The mystery that grasps us as Christians is that our God chose to pour Himself into one solitary life, the life of a man named Jesus, born of woman, raised in an obscure village in Galilee, in an outpost of the Empire. You and I dare to believe that in that one the infinite became finite, the remote became near, the distant became close. You and I dare to believe that in Jesus we do know God. We know God not just because we have information about Him; that we had already. We know God not just because we know His will and His law. Those were written on tablets of stone long ago.

But in Jesus the Christ we come to know God because God in infinite mercy chooses to become one of us. He accepts the limitations of our humanity, He identifies with our struggles. God becomes man in order to understand how we could have gotten away from Him. And in love He reaches out and does something unthinkable to bring us back to Himself.

What is the unthinkable? What is this incredible thing our God does in order to tear up the tickets and forgive and forget our sin? The cross.

In Jesus the Christ He goes to the cross and dies. He breaks His own body and sheds His own blood, and the penalty which should have been ours He pays. The price we know full well we owe but had hoped we could dodge, He accepts. He pays. The point is not that you and I get off cheap and easy. The point is that this one who loves us so takes care of our deepest need. He changes our very heart, he changes our thinking.

Now when we see what our sin costs God, we don’t want any part of it any more. We come to hate that sin which once was so attractive. We come to abhor all the little tricks we used to play with God’s law. And for us there is no longer any interest in seeing whether we can get away with something. It’s no fun any more to think about how you can get around this God.

For when you see the cross, and when you know that your brother, your friend, this Christ Jesus, has thrown Himself on that cross, all for you, then you don’t want to cheat any more. The law of God has been written on your heart, etched indelibly by the blood of Christ.

"The days are surely coming, says the Lord, when I will make a new covenant … not like the covenant that they broke … but I will put my law within them, and I will write it on their hearts … for they shall all know me, from the least of them to the greatest … for I will forgive their iniquity, and remember their sin no more."

"When the hour came, he took his place at the table … he took a cup, and after giving thanks he said, ’Take this and divide it among yourselves; for I tell you that from now on I will not drink of the fruit of the vine until the kingdom of God comes.’ Then he took a loaf of bread, and when he had given thanks, he broke it and gave it to them, saying, ’This is my body, which is given for you.
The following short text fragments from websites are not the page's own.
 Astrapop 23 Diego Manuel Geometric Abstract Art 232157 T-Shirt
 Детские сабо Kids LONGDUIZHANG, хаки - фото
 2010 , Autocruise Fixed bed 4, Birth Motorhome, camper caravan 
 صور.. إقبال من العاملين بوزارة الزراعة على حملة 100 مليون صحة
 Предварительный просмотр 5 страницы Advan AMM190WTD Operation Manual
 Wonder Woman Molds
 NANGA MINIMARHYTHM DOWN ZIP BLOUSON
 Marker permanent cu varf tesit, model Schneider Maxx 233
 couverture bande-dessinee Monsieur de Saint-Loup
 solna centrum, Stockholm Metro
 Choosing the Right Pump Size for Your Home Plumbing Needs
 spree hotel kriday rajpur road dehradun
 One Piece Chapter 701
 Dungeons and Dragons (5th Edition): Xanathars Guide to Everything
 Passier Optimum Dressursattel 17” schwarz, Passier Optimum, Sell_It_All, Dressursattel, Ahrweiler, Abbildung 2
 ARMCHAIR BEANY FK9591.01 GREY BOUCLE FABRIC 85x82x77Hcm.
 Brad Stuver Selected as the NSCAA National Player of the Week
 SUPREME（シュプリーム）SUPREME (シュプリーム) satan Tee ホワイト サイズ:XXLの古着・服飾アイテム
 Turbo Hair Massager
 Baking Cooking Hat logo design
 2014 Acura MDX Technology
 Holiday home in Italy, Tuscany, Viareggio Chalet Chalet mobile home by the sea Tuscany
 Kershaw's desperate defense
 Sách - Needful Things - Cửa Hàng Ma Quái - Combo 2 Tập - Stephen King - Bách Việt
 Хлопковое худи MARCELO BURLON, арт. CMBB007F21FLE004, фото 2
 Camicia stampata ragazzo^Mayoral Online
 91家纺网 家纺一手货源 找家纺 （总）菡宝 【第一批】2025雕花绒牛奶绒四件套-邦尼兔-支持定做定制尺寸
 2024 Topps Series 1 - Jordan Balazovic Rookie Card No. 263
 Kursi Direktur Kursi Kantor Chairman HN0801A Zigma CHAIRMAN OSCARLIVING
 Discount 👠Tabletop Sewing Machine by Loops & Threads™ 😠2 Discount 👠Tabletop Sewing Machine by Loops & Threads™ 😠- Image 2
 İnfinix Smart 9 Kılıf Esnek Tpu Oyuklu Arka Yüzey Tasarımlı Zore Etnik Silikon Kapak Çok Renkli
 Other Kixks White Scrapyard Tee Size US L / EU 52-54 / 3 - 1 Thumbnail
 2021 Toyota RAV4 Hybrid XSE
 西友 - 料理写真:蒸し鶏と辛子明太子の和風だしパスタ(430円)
Do this in remembrance of me. ’ And he did the same with the cup after supper, saying, ‘This cup that is poured out for you is the new covenant in my blood. ’"

Tear up the ticket on your guilt, for there is one who knows you and will forgive you.

Tear up the ticket on your shame, for there is one who knows all about you and chooses to remember your sin no more.

Tear up the ticket on the penalties you know you owe, for these is one named Jesus who paid it all.

Tear up the ticket on your bad conscience, for as God has become one of us, He has so loved us that while we were yet sinners He would die for us.

Tear up the ticket on your disappointments, for in the one called Jesus there is a companion for the journey and a friend without peer.

Break the bread, pour the cup, and tear up the ticket. God has claimed you and redeemed you. You are His own. You are free.